Data excerpts:
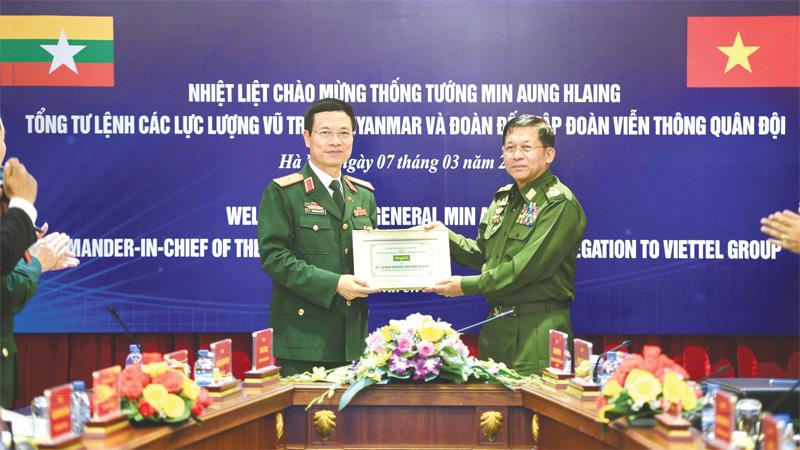 Tổng giám đốc Tập đoàn Viettel Nguyễn Mạnh Hùng trao tặng 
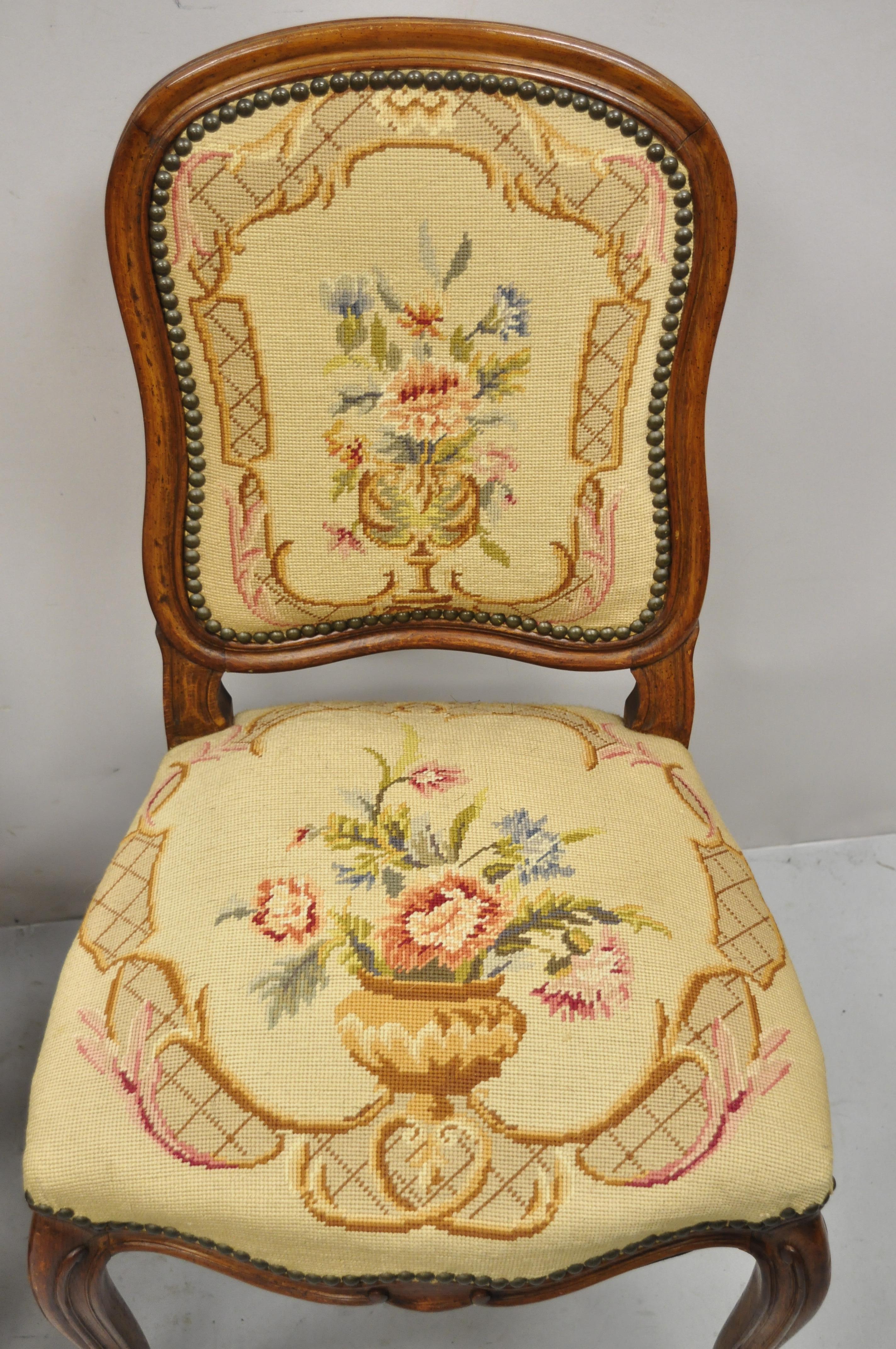 Français Paire de chaises d'appoint provinciales françaises anciennes Louis XV en noyer à motifs floraux à l'aiguille en vente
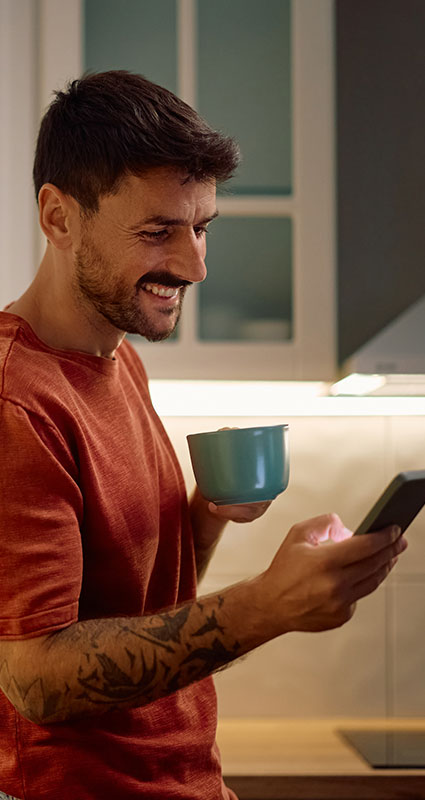 Frau lässt telefonisch über einen 10.000-Euro-Kredit beraten während sie einen Kinderwagen schiebt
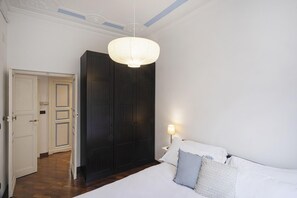 Apartment, Smoking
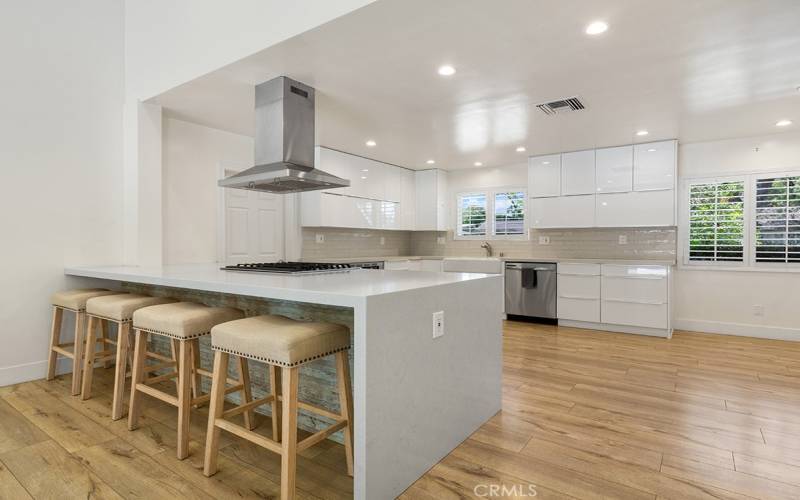 Kitchen and Breakfast bar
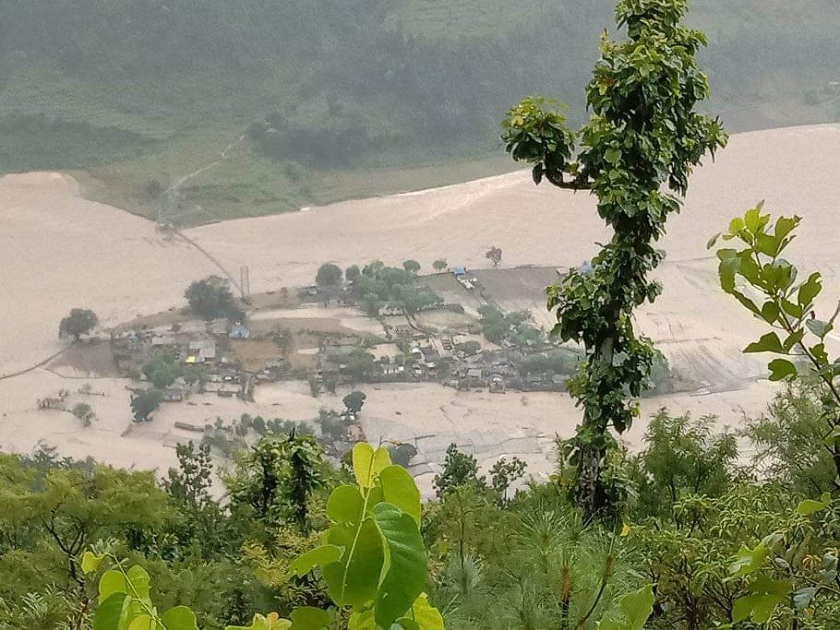 ढुंगाडमा बर्षा रोकियो, पीडितलाई खानबस्नको चिन्ता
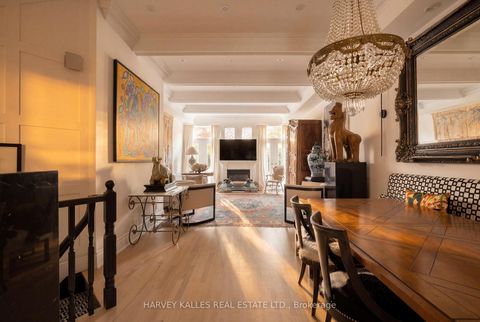 Photo 1 at 21 - 260 Russell Hill Road, Casa Loma, Toronto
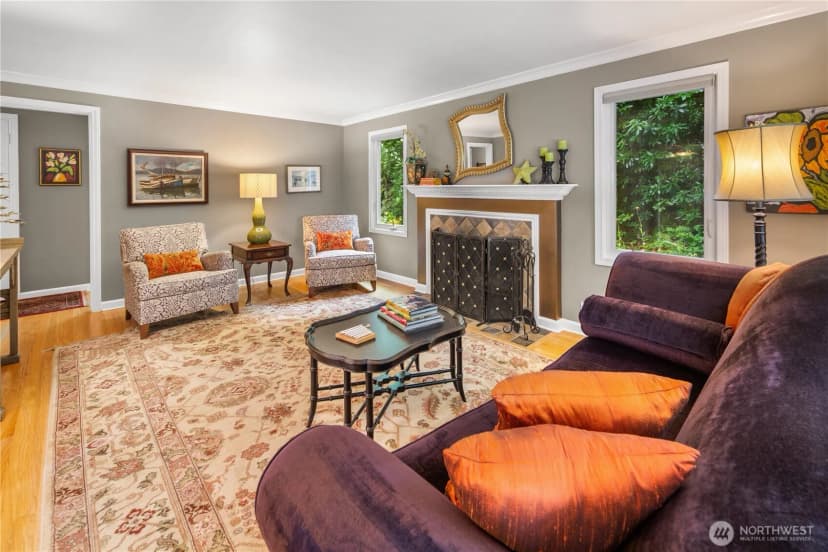 Property photo for 2706 56th Avenue Sw, Seattle photo 2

## REQUIRED WORK
Your task is to set down each line above verbatim while excluding the pictures.

## ANSWER TO THE PROBLEM
 Tổng giám đốc Tập đoàn Viettel Nguyễn Mạnh Hùng trao tặng 
 Français Paire de chaises d'appoint provinciales françaises anciennes Louis XV en noyer à motifs floraux à l'aiguille en vente
 Frau lässt telefonisch über einen 10.000-Euro-Kredit beraten während sie einen Kinderwagen schiebt
 Apartment, Smoking
 Kitchen and Breakfast bar
 ढुंगाडमा बर्षा रोकियो, पीडितलाई खानबस्नको चिन्ता
 Photo 1 at 21 - 260 Russell Hill Road, Casa Loma, Toronto
 Property photo for 2706 56th Avenue Sw, Seattle photo 2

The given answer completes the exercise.